Only a single entry of scheduled backups in the DB:
MariaDB [psa]> select count(*) from BackupsScheduled;
+----------+
| count(*) |
+----------+
| 1 |
+----------+
1 row in set (0.000 sec)

Some manual CLI tests for sanity (disclaimer they all perform as expected):

FTP
ftp> put backup_domainmail_2205181657.tzst
local: backup_domainmail_2205181657.tzst remote: backup_domainmail_2205181657.tzst
200 PORT command successful
150 Connecting to port 60227
226-File successfully transferred
226 287.199 seconds (measured here), 20.97 Mbytes per second
6316500889 bytes sent in 287.20 secs (20.9746 MB/s)

SFTP
SFTP:
sftp> put backup_domainmail_2205181657.tzst
Uploading backup_domainmail_2205181657.tzst to /data/backup_domainmail_2205181657.tzst
backup_domainmail_2205181657.tzst 100% 6024MB 73.9MB/s 01:21

RSYNC
backup_domainmail_2205181657.tzst
6,316,500,889 100% 84.27MB/s 0:01:11 (xfr#1, to-chk=0/1)
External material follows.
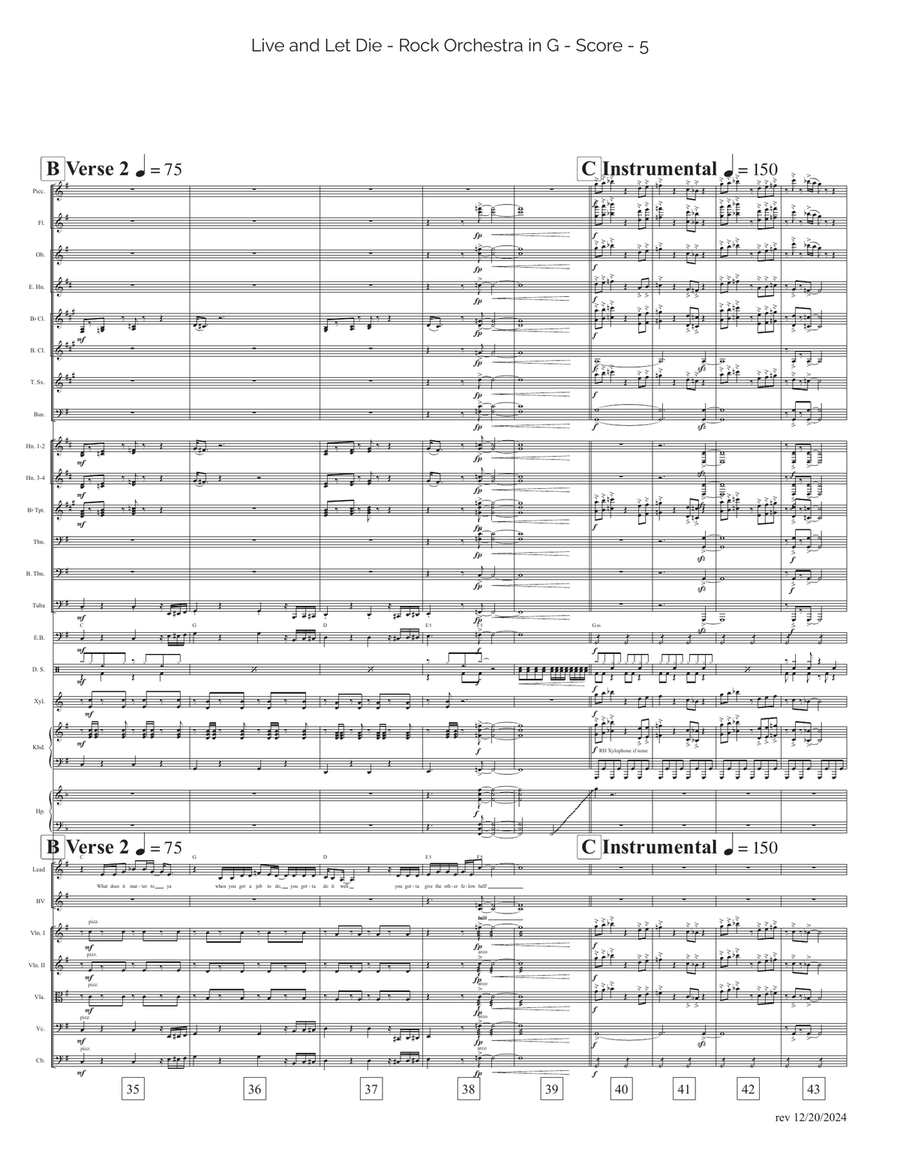 Live And Let Die Full Orchestra scores gallery preview page 5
10 Minute transfer speed sample from Plesk server while backup is running
Sampling eth0 (600 seconds average)..
376333 packets sampled in 600 seconds
Traffic average for eth0

rx 488.95 kbit/s 583 packets/s
tx 13.25 Mbit/s 43 packets/s

So max throughput achieved is 1.65625 Mbytes per second with the supplied backup setup built into Plesk.

The server also has ample disk space for creation in /var/lib/psa/dumps/ before transfer.
Storage medium is a set of NVME's for the server.

I've tried to be as extensive as possible in testing.
However now I'm slowly approaching the "at a loss" stage.

Any help, feedback or test ideas would be appreciated.

Cheers,
Carl
 
Have you tried the free Backup Telemetrics extension? It can show you where the hold-up is.
 
Hi Peter!

Indeed unfortunately it indicates the uploads is where the issues resides, but my tests indicate that this should be a non factor and yet it is.
I've attached a Telemetry example, however sw-tar --create is included in the upload process.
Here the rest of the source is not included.